TASK INSTRUCTIONS
For the data below, transcribe the part that opens with the line containing "Welcome back to" and closes with the line containing "In the Settings, make", exactly and with no pictures.

DATA EXTRACT
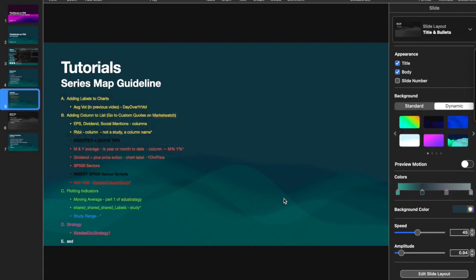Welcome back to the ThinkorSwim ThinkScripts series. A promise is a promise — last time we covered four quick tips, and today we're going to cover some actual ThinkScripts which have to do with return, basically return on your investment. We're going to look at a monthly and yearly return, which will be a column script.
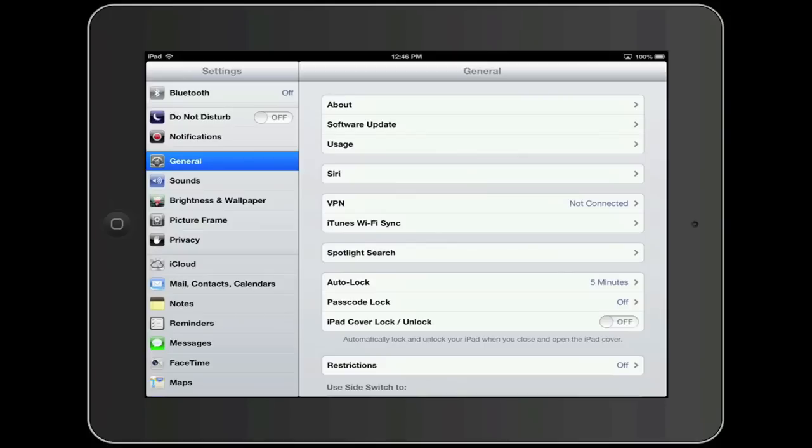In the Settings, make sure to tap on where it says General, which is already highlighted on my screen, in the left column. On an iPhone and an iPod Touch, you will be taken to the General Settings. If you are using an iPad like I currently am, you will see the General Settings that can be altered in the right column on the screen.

==

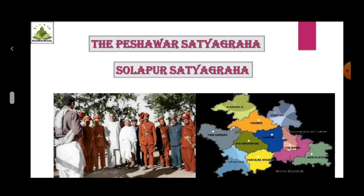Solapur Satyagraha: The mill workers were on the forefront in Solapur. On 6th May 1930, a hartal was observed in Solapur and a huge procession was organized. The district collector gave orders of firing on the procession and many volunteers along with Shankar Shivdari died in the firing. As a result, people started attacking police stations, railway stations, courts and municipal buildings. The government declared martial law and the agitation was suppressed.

SOLUTION FOR THIS PROBLEM
Welcome back to the ThinkorSwim ThinkScripts series. A promise is a promise — last time we covered four quick tips, and today we're going to cover some actual ThinkScripts which have to do with return, basically return on your investment. We're going to look at a monthly and yearly return, which will be a column script.
In the Settings, make sure to tap on where it says General, which is already highlighted on my screen, in the left column. On an iPhone and an iPod Touch, you will be taken to the General Settings. If you are using an iPad like I currently am, you will see the General Settings that can be altered in the right column on the screen.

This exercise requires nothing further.